This repostiory provides an introduction of using the GRID3 spatial datasets for decision-making. The slides are available to view here: PDF of slides
Two R Markdown workbooks are provided to give examples of how population datasets can be used for analysis. These scripts are presented in R.
This session provides an example of how we can use geoprocessing techniques to analyse population datasets. The aims of this exercise include:
- Demonstrate how we can load datasets within R
- Provide some quick visualisation examples to gain an understanding of the dataset
- Demonstrate commonly used geospatial techniques for analysing population datasets.
These methods are designed to provide an introduction to the second workshop exercise, which will build on these techniques and demonstrate how we could do a larger analysis around this work.

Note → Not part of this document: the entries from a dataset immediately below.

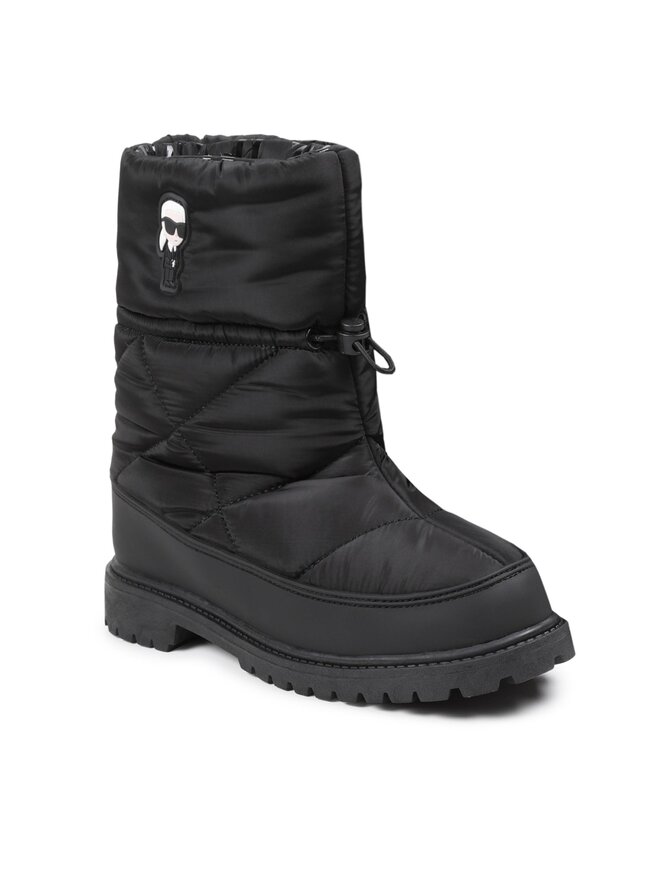 Karl Lagerfeld Kids Sněhule Karl Lagerfeld Kids Z19119 S Černá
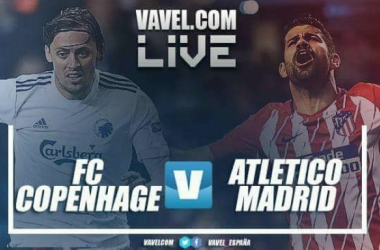 Resumen Copenhague vs Atlético de Madrid en Europa League 2018 (1-4)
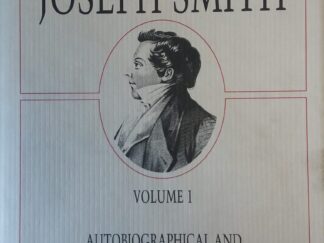 1989 - The Papers of Joseph Smith (Vol 1) - Dean C. Jessee
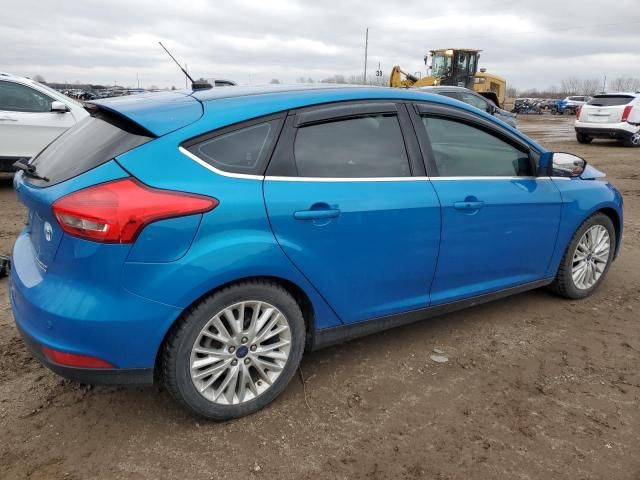 2015 Ford Focus Titanium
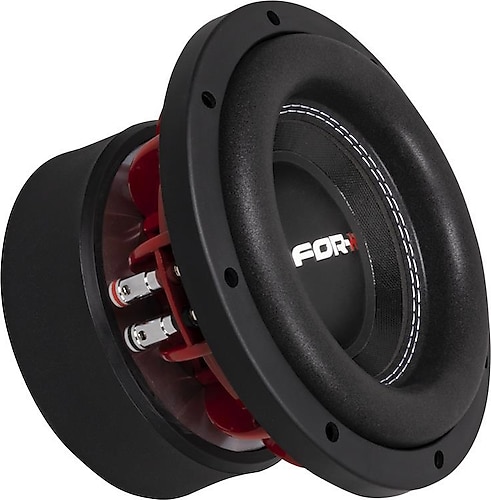 For-X XW-408 D2-D4 800 W 20 cm Subwoofer Oto Hoparlör Fiyatları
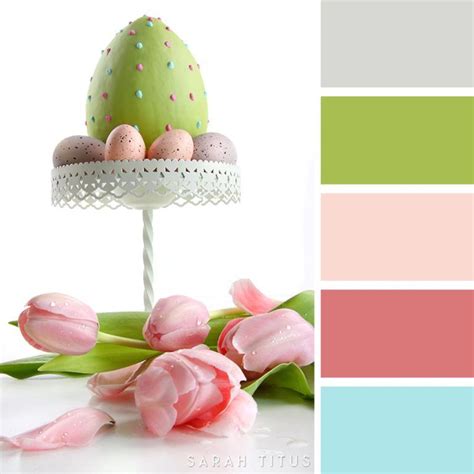 25 Easter Color Palettes | Easter colors, Color, Yarn inspiration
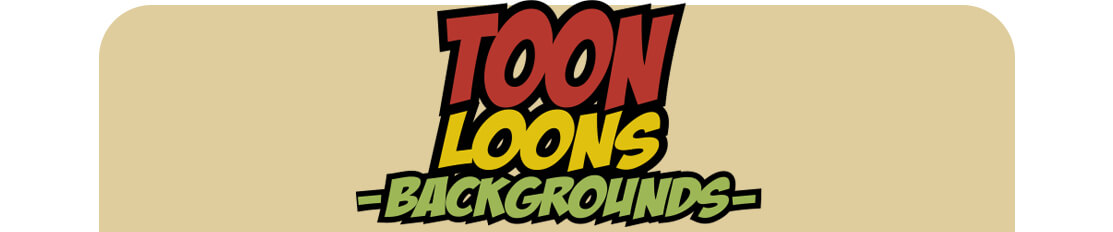 Toon Loons Backgrounds for Adobe Character Animator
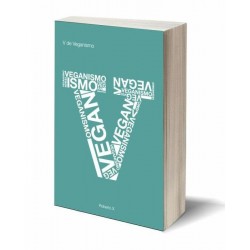 V de veganismo  editorial descontrol  Roberto X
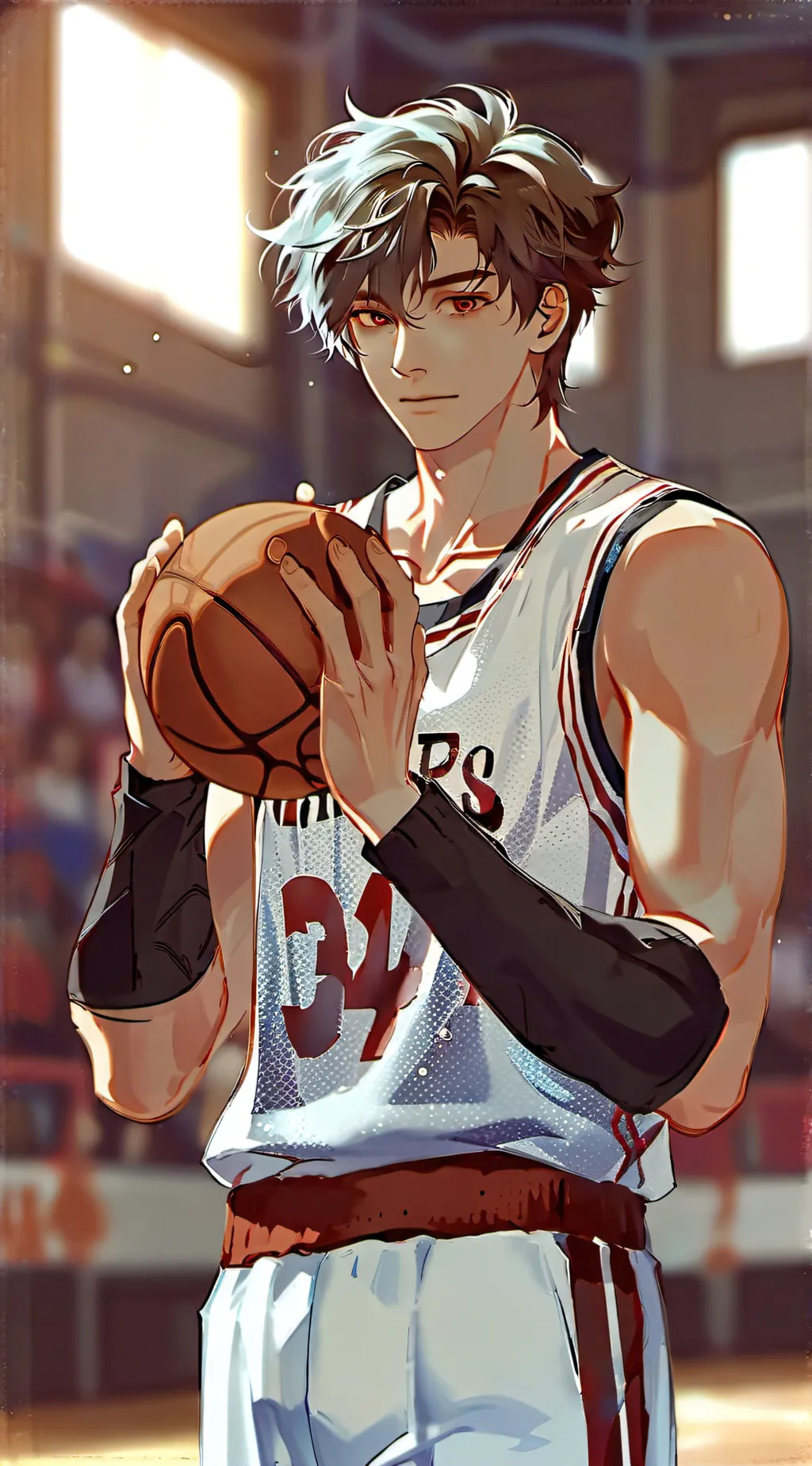 ai character: David background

This session provides an example of how we can use GRID3 data within an application. We want to assess health facility coverage for maternal healthcare in Kaduna state. We are interested in finding out which areas are over-stretched with a high number of women of child-bearing age (WOCBA) per health-facility. By identifying a target number of people per health facility, we can begin to highlight locations that may need further invention.
Which problem can be solved with gridded population data?
What are we looking for:
- Code is not required, we are interested in the idea, but you should have an idea of how it could be implemented
- Could the idea have high impact?
- Creativity is encouraged
- Is the idea achievable?
Think about more than just the data analysis. How might your data analysis support decision-makers? Who are the stakeholders?